WASHINGTON (CNN) - The Justice Department will not have to release memos written by former FBI Director James Comey about conversations he had with President Donald Trump, a federal judge ruled Friday.
CNN and several other news and advocacy organizations, including USA Today and the Daily Caller, sought the memos and related documents through the court system.
But Judge James Boasberg of the US District Court for the District of Columbia Circuit said the department and office of the special counsel Robert Muller do not have to turn over the documents at this time.
The ruling comes after an extraordinary effort from top members of Mueller's team to intervene by sharing details with the judge about their ongoing investigation, even after the FBI had shown the judge the Comey memos.
"The Comey Memos, at least for now, will remain in the hands of the Special Counsel and not the public," the judge's opinion said.
Boasberg wrote that Comey's testimony before Congress, in which he described the notes he took about conversations he had with Trump before he was fired in May, wasn't enough to force the memo's public release, nor were other acknowledgements Comey made of their existence.
The Justice Department had argued against the Comey memos' release, saying that it would interfere with Mueller's investigation.
The judge's opinion Friday disclosed that Michael Dreeben, who serves as counsel to Mueller's team, secretly testified to the court on specifics of Mueller's ongoing investigation.

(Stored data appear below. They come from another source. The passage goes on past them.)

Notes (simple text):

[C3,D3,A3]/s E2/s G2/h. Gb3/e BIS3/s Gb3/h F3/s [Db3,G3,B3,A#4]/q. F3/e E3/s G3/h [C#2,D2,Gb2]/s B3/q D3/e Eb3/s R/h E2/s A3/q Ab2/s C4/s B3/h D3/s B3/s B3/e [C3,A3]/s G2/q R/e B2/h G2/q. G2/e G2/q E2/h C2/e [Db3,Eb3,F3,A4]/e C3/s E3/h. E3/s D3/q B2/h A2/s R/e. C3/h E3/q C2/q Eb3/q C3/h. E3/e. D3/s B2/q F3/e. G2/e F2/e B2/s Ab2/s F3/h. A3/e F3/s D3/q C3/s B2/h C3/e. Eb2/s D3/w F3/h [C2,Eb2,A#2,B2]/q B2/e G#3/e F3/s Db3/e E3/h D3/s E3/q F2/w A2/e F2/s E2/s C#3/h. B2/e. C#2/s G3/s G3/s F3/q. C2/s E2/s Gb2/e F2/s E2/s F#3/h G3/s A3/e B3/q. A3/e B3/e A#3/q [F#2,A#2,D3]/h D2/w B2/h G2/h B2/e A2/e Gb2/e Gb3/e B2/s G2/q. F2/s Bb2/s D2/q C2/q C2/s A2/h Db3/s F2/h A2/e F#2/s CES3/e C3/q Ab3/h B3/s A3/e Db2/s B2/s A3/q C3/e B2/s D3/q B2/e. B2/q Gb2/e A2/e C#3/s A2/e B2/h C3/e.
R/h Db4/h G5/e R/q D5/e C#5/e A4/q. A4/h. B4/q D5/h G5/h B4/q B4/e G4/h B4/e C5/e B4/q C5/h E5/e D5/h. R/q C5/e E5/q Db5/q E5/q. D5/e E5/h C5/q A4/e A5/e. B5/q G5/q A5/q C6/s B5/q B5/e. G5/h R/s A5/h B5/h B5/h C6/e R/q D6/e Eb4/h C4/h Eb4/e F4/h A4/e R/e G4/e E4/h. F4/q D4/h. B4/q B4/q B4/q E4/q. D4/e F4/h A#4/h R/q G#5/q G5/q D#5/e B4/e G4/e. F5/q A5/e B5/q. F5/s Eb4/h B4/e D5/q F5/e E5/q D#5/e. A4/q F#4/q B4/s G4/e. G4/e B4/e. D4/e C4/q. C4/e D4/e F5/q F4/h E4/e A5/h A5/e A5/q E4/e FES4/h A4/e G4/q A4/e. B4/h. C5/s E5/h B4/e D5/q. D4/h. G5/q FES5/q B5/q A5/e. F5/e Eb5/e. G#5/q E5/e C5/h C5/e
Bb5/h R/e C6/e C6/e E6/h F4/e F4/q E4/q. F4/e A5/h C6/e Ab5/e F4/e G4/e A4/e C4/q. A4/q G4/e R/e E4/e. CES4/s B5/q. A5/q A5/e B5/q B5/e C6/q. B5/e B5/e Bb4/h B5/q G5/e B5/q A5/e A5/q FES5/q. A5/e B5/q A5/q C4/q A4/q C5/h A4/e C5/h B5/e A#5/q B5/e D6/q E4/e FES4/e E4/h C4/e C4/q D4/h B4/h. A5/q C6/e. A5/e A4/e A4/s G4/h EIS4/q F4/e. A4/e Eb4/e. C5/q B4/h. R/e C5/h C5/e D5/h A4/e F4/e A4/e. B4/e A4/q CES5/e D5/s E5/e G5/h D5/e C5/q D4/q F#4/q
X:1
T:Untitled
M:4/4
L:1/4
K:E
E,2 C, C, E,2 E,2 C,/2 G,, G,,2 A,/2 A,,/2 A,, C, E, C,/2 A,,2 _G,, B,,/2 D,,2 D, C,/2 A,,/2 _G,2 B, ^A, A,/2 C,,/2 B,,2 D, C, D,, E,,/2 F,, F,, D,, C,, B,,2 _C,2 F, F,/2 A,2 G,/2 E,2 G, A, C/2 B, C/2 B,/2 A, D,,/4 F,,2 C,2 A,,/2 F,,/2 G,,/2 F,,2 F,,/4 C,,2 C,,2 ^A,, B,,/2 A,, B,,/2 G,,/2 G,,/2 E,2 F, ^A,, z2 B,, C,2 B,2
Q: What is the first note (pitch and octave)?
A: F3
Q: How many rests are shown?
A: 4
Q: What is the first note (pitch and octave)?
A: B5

So did an FBI agent, David Archey, a counterintelligence expert who took over for Peter Strzok in the investigation, in a written declaration. Archey submitted new information to the court about the investigation and this case as recently as Thursday.
Testimony like Dreeben's, plus submitted information like Archey's, pushes the amount of detail in this case far beyond what's typical for a judge to review in a Freedom of Information Act request. Though what Dreeben and Archey told the judge was shielded from the public and from the news organizations suing the government, their statements about the Mueller investigation were recorded by the court and could be made public in future appeals.
"Having heard this, the Court is now fully convinced that disclosure 'could reasonably be expected to interfere' with that ongoing investigation," the judge wrote.
Comey's memos are being used by the special counsel's office for its investigation, which looks for possible collusion between Russia and the Trump campaign as well as the possible obstruction of justice of an ongoing federal investigation.